[Caption-style text data]

____________

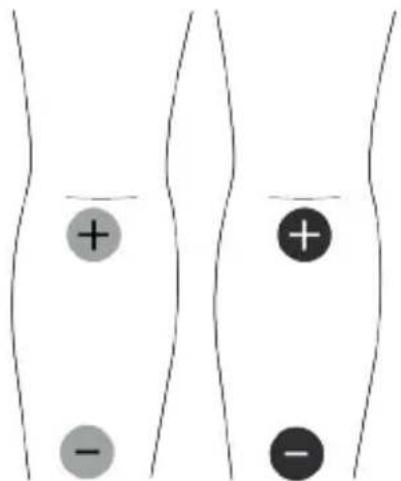 TensCare Unipro - EMC - 12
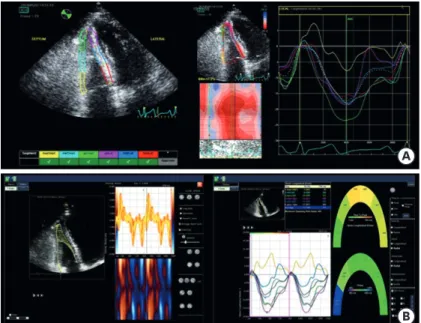 Figure 2. Demonstration of right ventricular strain measurement by GE EchoPAC software (A) and velocity vector  imaging (B).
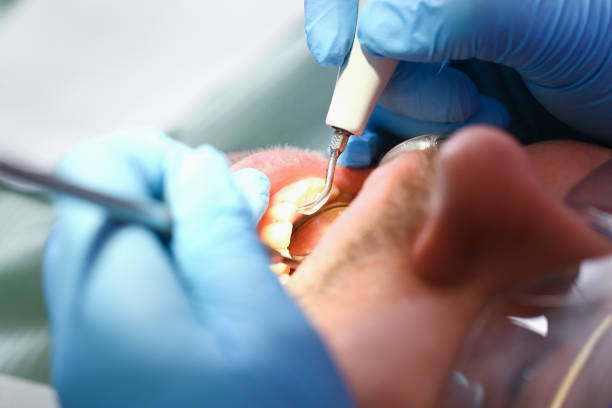 Best Dentist Open Late Near Me  in Fairplay, GA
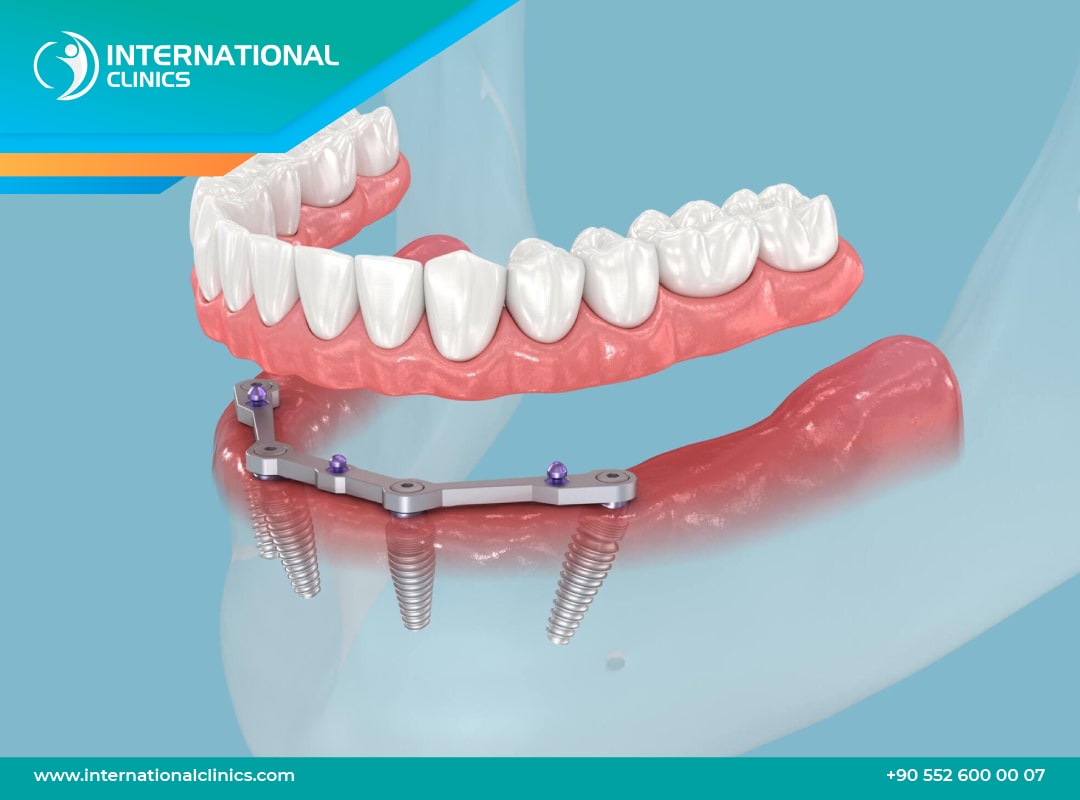 4 Implant dentaire prix en Turquie : La solution idéale avec International Clinics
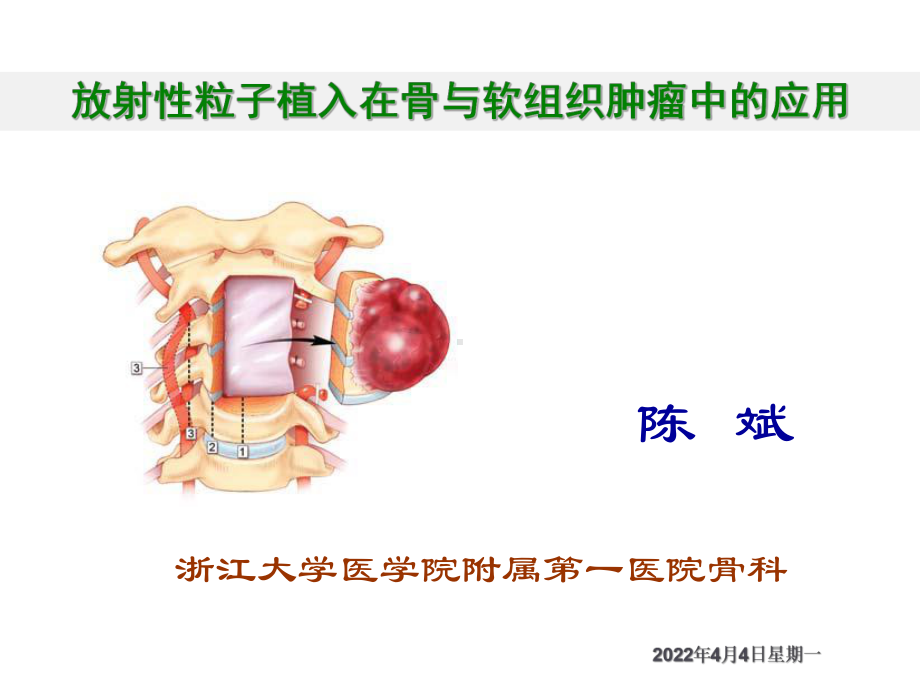 放射性粒子植入在骨与-课件.ppt_第1页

____________

Copy the data character for character, but drop all pictures from the copy.

 TensCare Unipro - EMC - 12
 Figure 2. Demonstration of right ventricular strain measurement by GE EchoPAC software (A) and velocity vector  imaging (B).
 Best Dentist Open Late Near Me  in Fairplay, GA
 4 Implant dentaire prix en Turquie : La solution idéale avec International Clinics
 放射性粒子植入在骨与-课件.ppt_第1页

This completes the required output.